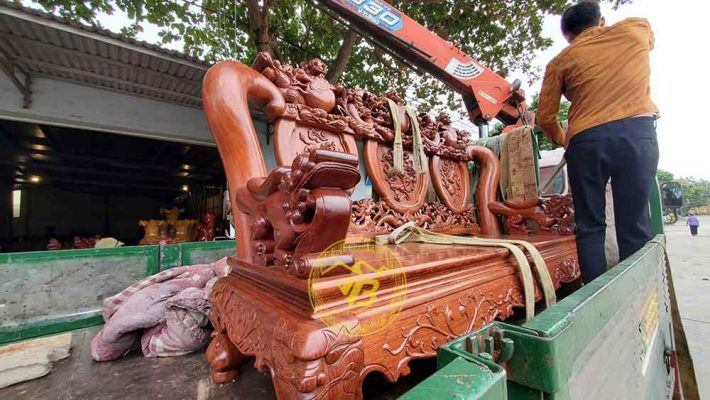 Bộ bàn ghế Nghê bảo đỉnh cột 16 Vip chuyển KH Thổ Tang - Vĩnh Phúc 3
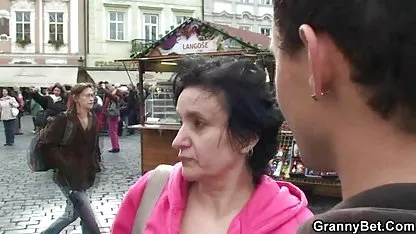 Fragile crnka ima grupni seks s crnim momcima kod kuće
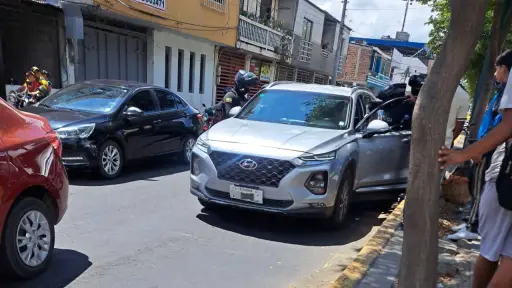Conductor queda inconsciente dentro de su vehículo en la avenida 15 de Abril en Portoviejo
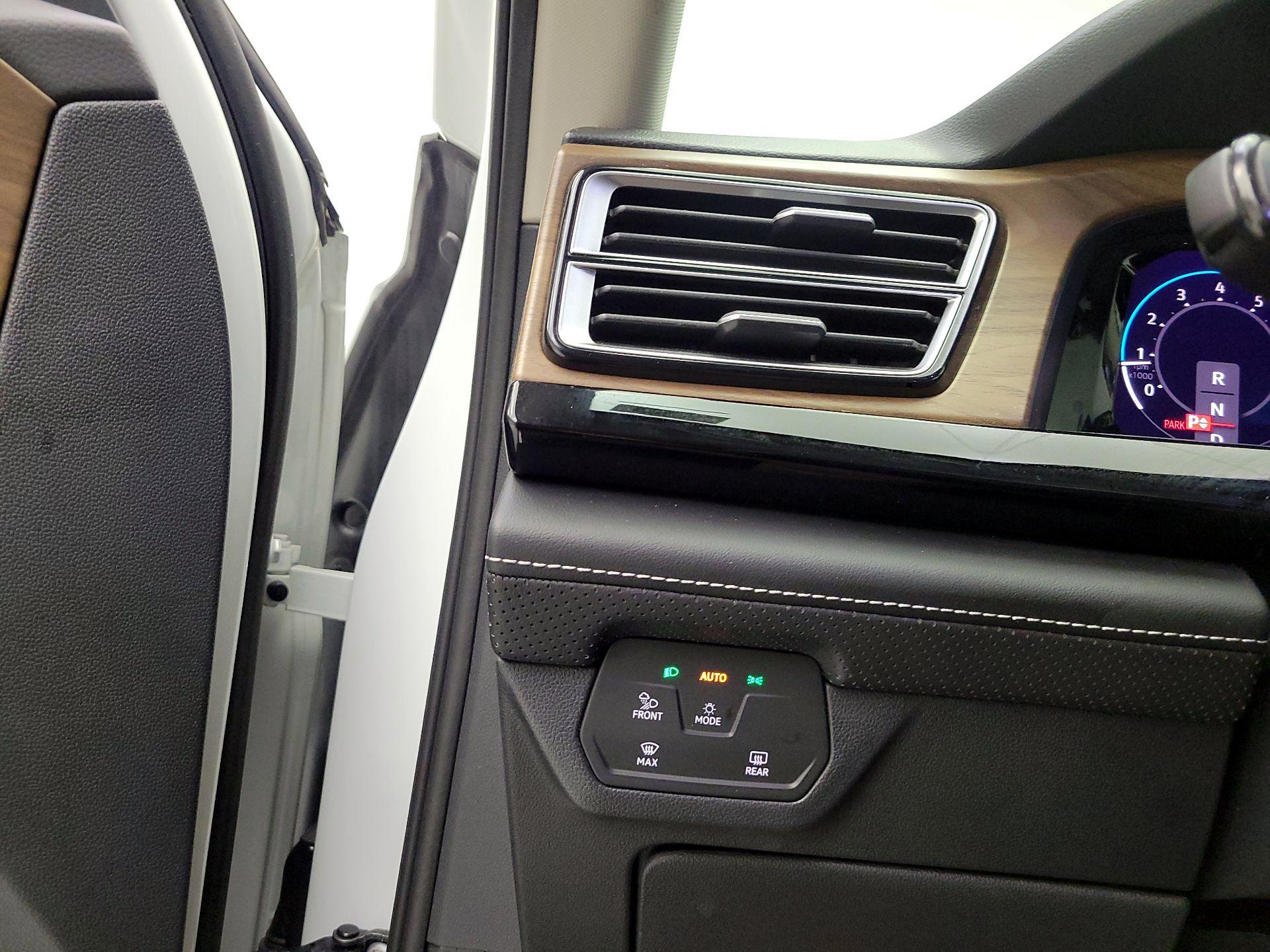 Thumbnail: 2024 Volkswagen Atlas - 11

★ ★ ★

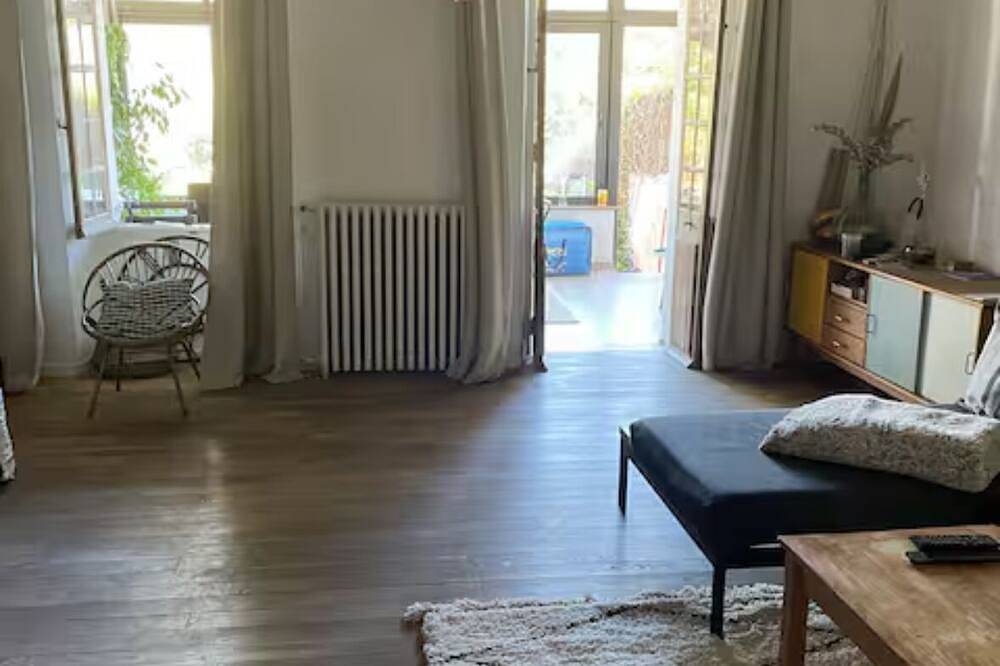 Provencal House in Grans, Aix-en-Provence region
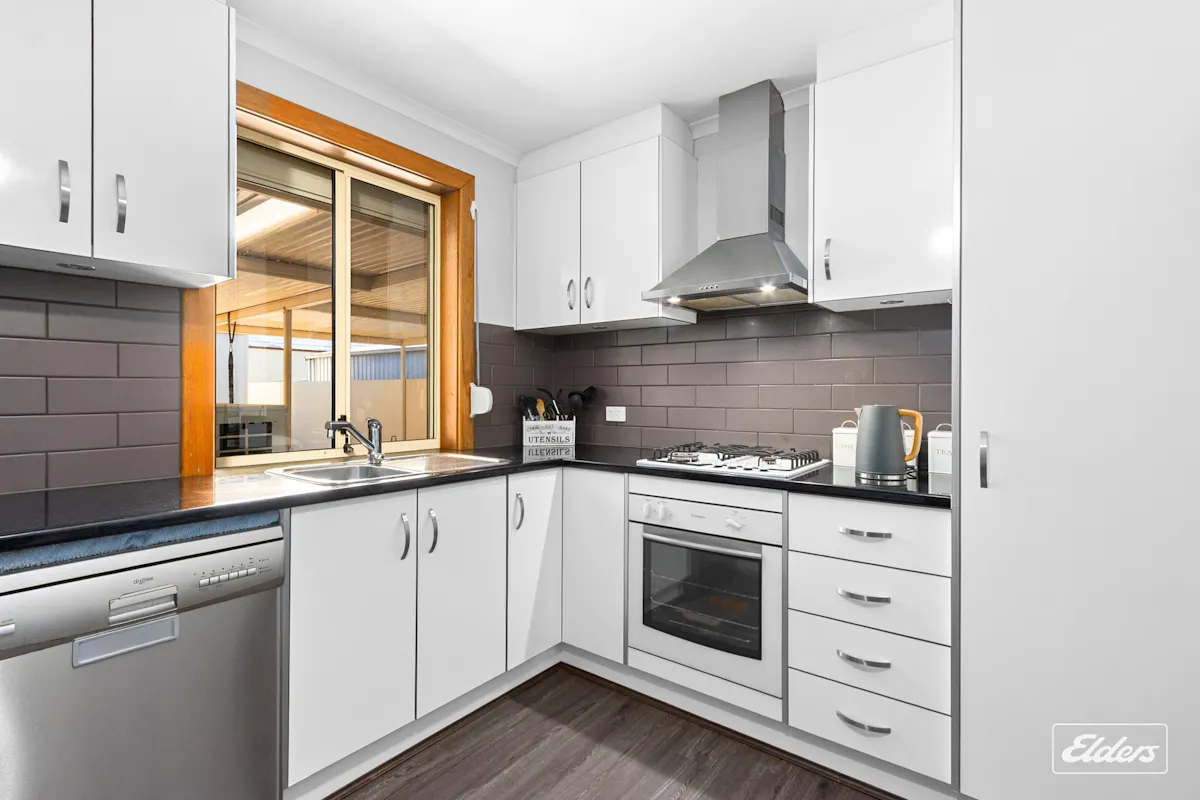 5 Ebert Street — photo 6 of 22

★ ★ ★

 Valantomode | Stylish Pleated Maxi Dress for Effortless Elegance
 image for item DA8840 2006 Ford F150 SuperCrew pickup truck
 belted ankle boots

★ ★ ★

Assignment:
From the records above, write out exactly the lines that begin at the line with "Conductor queda inconsciente" and end at the line with "Thumbnail: 2024 Volkswagen Atlas - 11". Pictures must not appear in the output.

Exercise result:
Conductor queda inconsciente dentro de su vehículo en la avenida 15 de Abril en Portoviejo
 Thumbnail: 2024 Volkswagen Atlas - 11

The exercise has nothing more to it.